When an empire collapses, everything that empire allowed, collapses too. Personal freedoms, laws, way of living, etc. All that disappear under a kind of new order.
That's the reason I see some parallel lines between the fall of Islam in Europe (Al Andalus) and the decadence of the Western World today: personal freedom is gonna be lower and lower from now on... It's gonna be a world in which barbarians (because they don't have sense of laws, style, attitude, arts) will try to impose their barbarian style (i.e. Talibans, Western Neo-Nazis, Neo-Cons, Al Qaeda, fanatic muslims, fanatic westerns). When a culture reaches a great point of modernity, it also reaches a great point of fragility. Because you want to protect the right of someone to walk in the street, you can't foresee that this someone walking in the street is a guy with his waist full of bombs ready to kill a lot of people in a bus. The most modern you are, more and more doors are opened to barbarians.
And barbarians are all over the world. Sick people. Sick people for any reason.
Someone asked me to describe a "modern muslim" as a "nice person" because I said that a modern muslim is a nice person. Someone asked the definition of "nice".
"Nice" is someone who's living according to present times, not the times other people lived. I mean Muhammad, Jesuchrist or Napoleon. You can't live with old times. You can't pretend to live like Napoleon, even if you admire him so much, because the times of Napoleon were completly different to these times. You can learn from Napoleon, you can memorice his life. But you can't repeat the times of Napoleon, nor his circumstances. Napoleon was Napoleon and his time.

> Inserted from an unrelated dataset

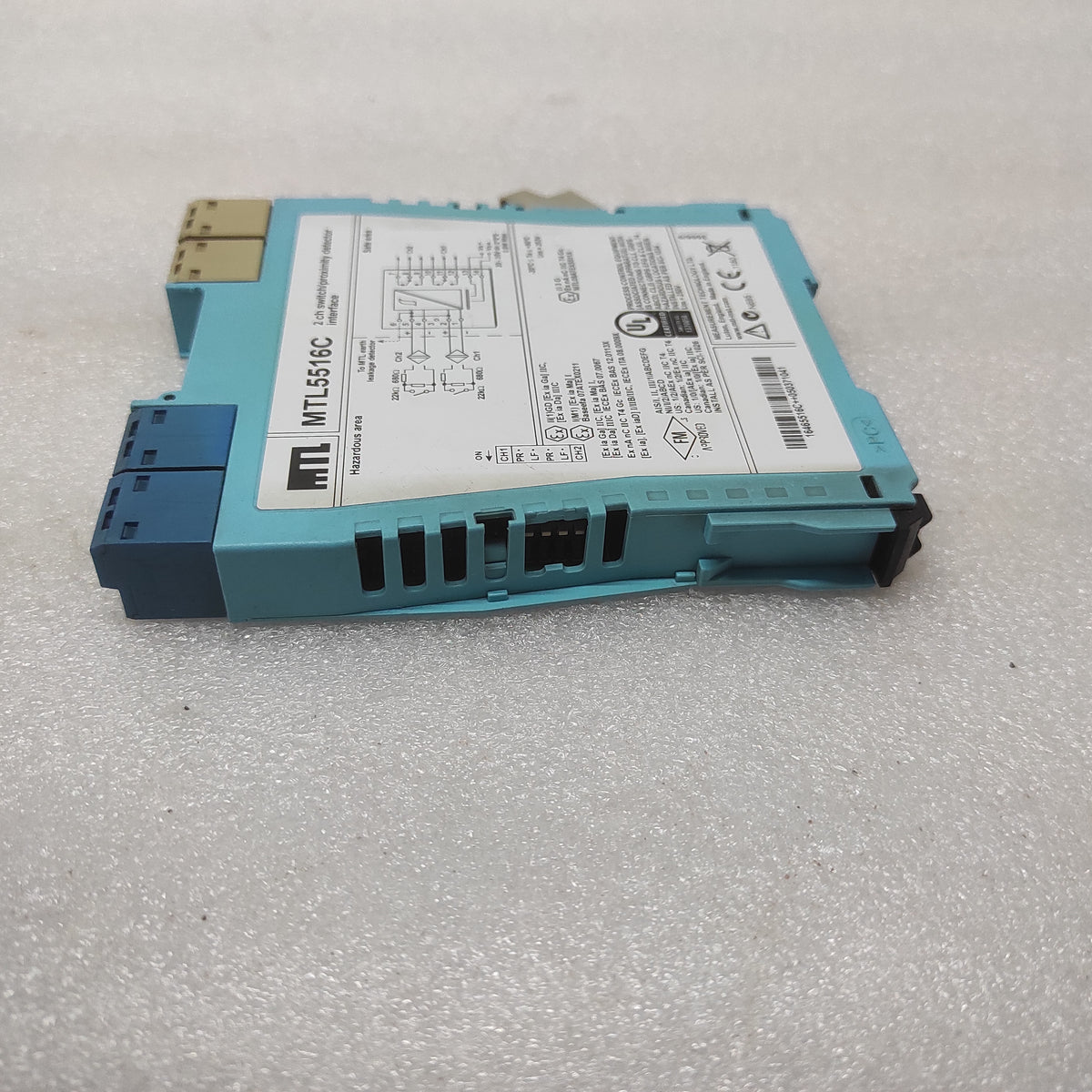 MEASUREMENT TECHNOLOGY MTL 5516C 2-CH SWITCH PROXIMITY DETECTOR INTERFACE MTL551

Muhammad was Muhammad and a man talking for the people of his time. In the language of his time. In the mentality of his time. In the costumes of his time.
A modern muslim is someone who understand this. Someone who, instead sticking to the literal hadiths of Muhammad, tries to understand the circumstances, elaborate what was the real meaning of the hadiths, and apply this to his own -nowadays- circumstances.

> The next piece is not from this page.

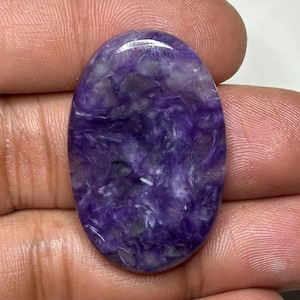 Charoit Cabochon Ädelsten Naturlig 35x22x4 MM, 36.15 Cts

I don't exactly remind, but there's an Aya in Al Quran which reads: "There are univocal Ayas and there are equivocal Ayas", meaning: "There are some Ayas that you have to admit literally and there are Ayas which you have to interpret and apply to your life in your own way".
So, as I said before, a modern muslim is a muslim living in modern times. Someone talking about the lenght your beard must be or the dress code you must have, is not a modern muslim. I don't think Muhammad wanted an Army of uniformed people with beards, hijabs, etc. I think he dreamed in a world in which everyone could be happy and feel free and talk freely.

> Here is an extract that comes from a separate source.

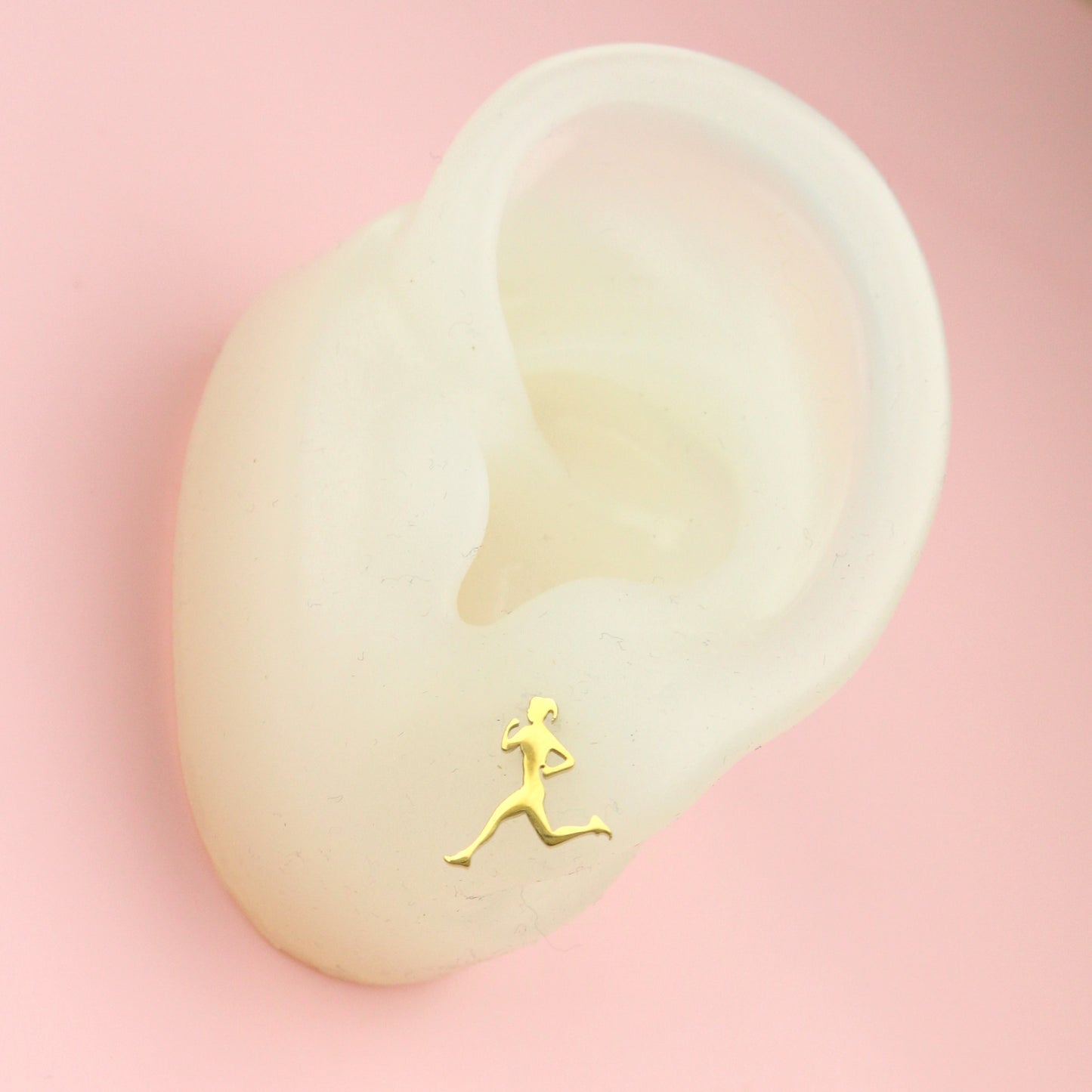 She's a Track Star Stud Earrings - Gold Plated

Probably the fanatics wants here a 4th Reich of Islam: well uniformed people, saying "Allahu Akbar" instead "Heil Hitler". But well uniformed people, both in clothes and mind. Nazis reminding each others how to behave, how to get dressed, etc.
Spirituality, or Religion, has nothing to do with the way you dress up or how many hadiths you memorize.
More about how many hadiths you understand.